INSTRUCTIONS TO FOLLOW -
Ignoring every picture, return the lines of the listing below word for word, from the line that holds "4 Bed 2 And" through the line that holds "Zapatillas Converse Negras y Blancas".

SUPPLIED MATERIAL -
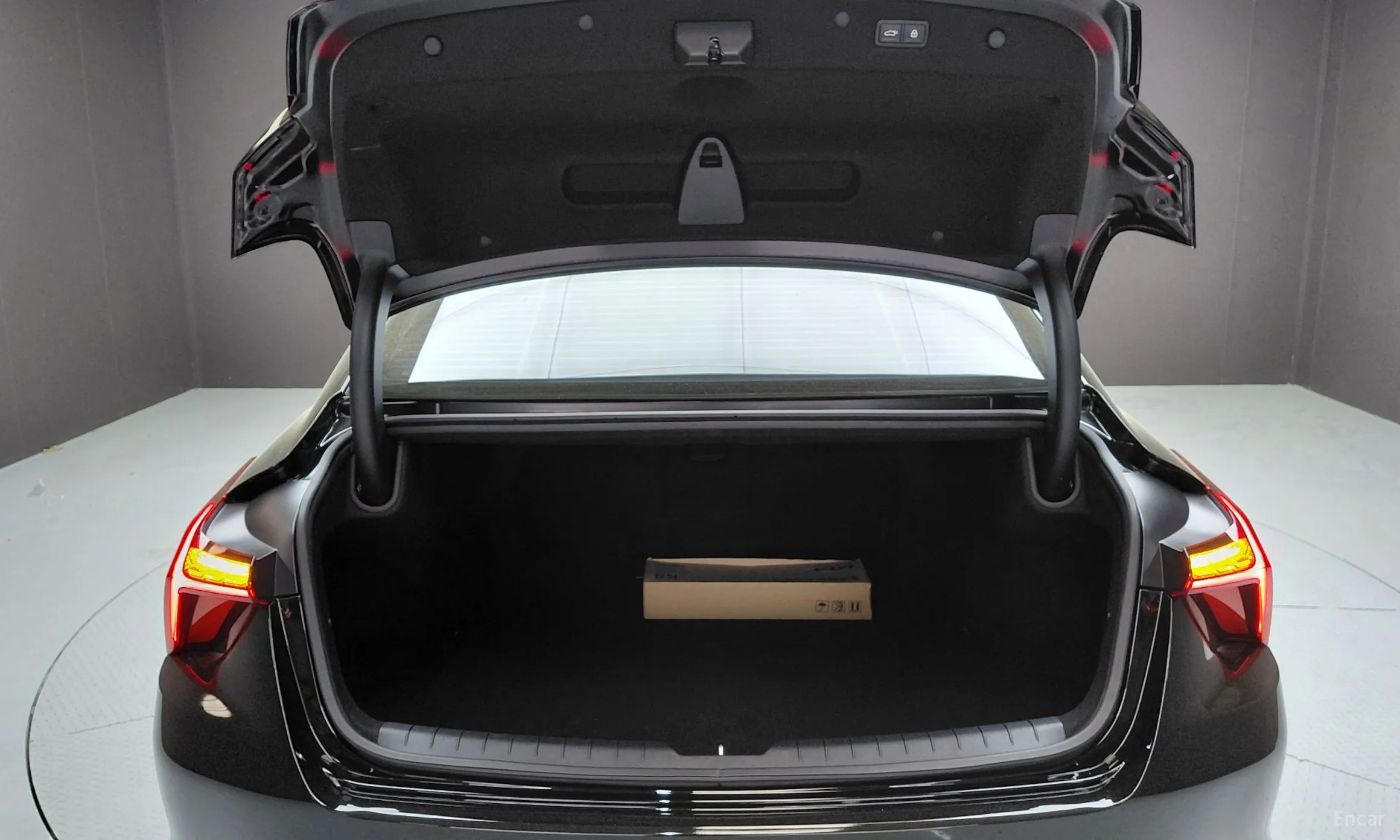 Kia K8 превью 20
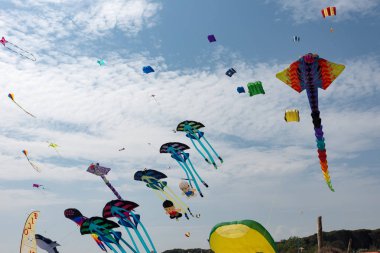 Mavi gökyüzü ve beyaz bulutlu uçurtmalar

* * *

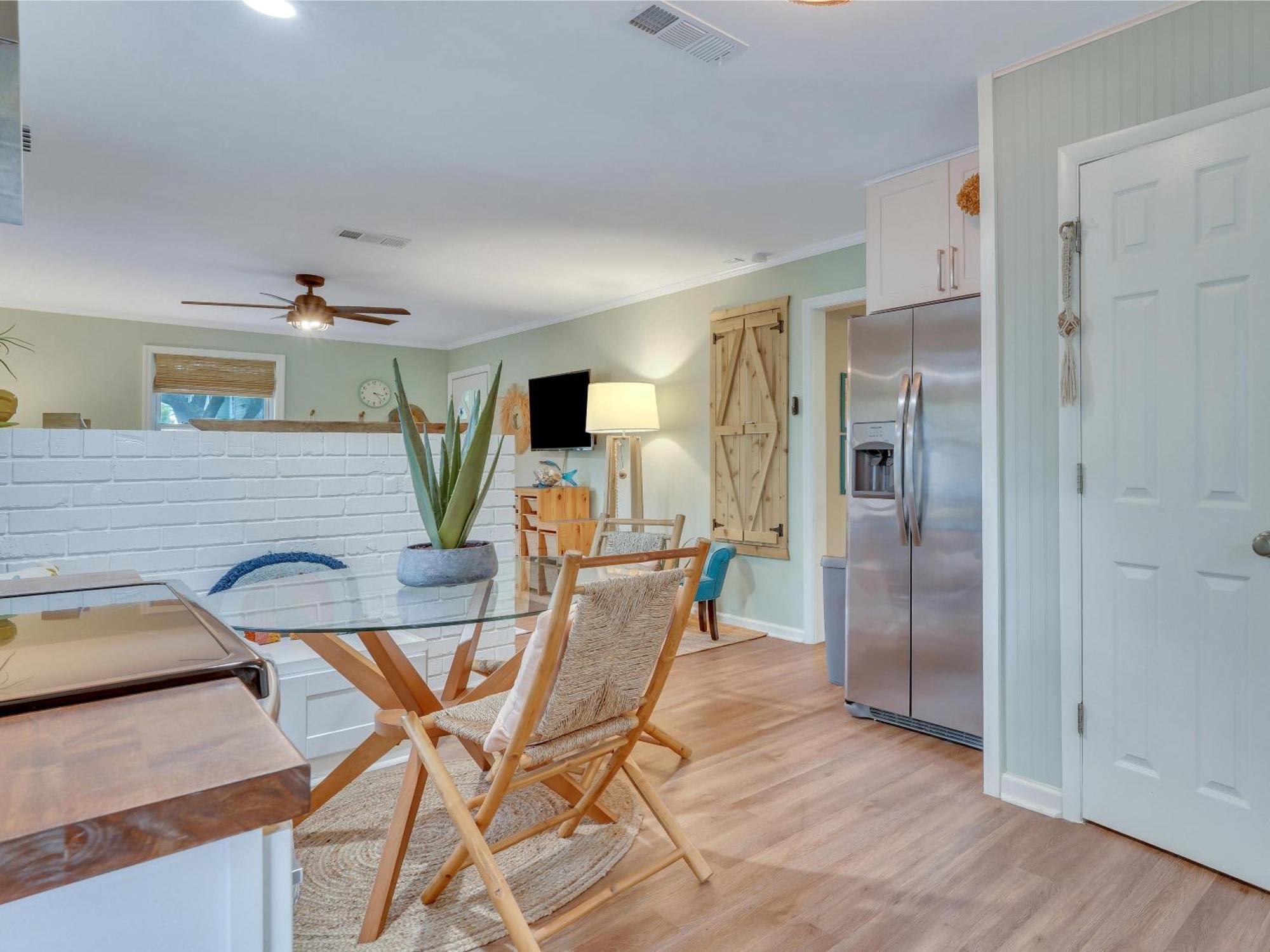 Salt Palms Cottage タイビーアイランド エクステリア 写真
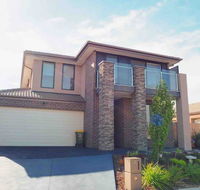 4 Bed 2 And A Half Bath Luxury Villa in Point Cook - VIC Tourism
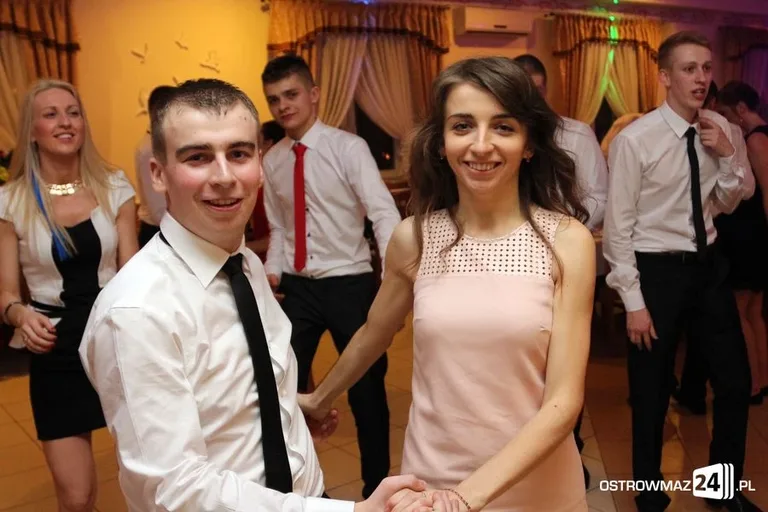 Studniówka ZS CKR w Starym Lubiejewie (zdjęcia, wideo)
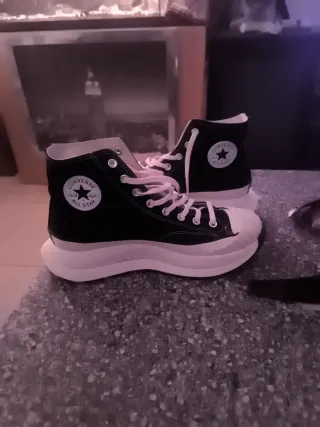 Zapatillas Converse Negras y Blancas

---

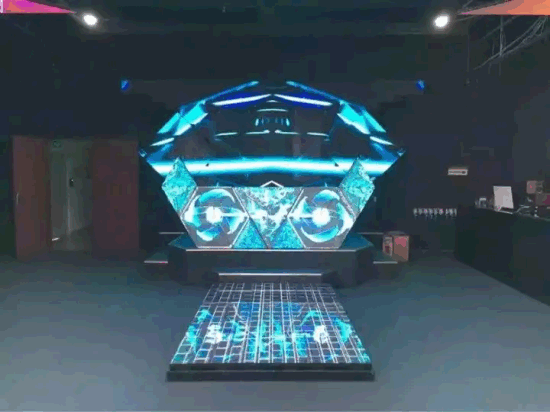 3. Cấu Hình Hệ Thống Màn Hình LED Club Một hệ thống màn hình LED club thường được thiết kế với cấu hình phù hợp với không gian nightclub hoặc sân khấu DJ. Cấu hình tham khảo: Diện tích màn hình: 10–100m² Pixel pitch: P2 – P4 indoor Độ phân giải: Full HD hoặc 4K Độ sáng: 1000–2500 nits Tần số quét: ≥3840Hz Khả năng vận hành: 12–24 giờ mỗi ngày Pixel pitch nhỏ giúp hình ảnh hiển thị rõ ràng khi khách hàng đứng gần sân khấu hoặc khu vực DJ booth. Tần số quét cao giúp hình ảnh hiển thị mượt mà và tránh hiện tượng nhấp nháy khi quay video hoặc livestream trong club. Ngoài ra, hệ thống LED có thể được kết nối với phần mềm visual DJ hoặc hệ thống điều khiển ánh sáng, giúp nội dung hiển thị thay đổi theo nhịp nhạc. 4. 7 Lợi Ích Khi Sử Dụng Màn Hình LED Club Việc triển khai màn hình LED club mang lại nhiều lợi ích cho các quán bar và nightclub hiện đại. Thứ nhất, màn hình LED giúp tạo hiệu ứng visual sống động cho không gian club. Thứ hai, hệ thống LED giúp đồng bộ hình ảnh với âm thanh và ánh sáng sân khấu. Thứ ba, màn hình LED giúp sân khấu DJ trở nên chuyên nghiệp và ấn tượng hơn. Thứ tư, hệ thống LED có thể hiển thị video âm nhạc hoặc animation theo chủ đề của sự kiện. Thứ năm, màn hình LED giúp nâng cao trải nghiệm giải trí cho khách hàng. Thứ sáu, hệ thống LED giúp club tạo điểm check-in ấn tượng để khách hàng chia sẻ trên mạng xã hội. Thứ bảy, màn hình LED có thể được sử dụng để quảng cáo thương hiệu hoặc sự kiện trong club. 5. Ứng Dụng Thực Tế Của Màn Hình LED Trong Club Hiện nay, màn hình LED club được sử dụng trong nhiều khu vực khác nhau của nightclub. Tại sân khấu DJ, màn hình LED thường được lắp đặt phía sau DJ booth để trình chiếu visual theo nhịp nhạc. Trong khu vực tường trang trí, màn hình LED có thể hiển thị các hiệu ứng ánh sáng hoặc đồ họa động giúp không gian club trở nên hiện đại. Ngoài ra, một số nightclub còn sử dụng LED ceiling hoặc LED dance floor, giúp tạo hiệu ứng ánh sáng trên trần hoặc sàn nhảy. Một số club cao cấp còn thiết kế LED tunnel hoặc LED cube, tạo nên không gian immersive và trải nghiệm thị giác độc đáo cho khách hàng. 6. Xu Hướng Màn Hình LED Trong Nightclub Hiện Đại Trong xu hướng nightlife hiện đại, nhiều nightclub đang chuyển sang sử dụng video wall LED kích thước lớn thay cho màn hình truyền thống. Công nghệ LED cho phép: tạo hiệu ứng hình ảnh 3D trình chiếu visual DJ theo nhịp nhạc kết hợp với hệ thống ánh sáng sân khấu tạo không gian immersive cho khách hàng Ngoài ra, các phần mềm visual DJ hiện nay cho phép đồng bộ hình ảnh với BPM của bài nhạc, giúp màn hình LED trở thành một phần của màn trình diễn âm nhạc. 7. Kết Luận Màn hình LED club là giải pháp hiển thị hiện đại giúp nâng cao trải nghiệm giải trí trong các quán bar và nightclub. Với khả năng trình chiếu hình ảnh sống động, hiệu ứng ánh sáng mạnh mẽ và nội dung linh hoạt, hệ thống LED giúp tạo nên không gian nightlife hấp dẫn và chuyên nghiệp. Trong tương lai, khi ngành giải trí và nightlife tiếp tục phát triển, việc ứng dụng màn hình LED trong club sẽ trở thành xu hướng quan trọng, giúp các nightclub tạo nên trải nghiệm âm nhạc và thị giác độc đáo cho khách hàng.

RESULT BELOW -
 4 Bed 2 And A Half Bath Luxury Villa in Point Cook - VIC Tourism
 Studniówka ZS CKR w Starym Lubiejewie (zdjęcia, wideo)
 Zapatillas Converse Negras y Blancas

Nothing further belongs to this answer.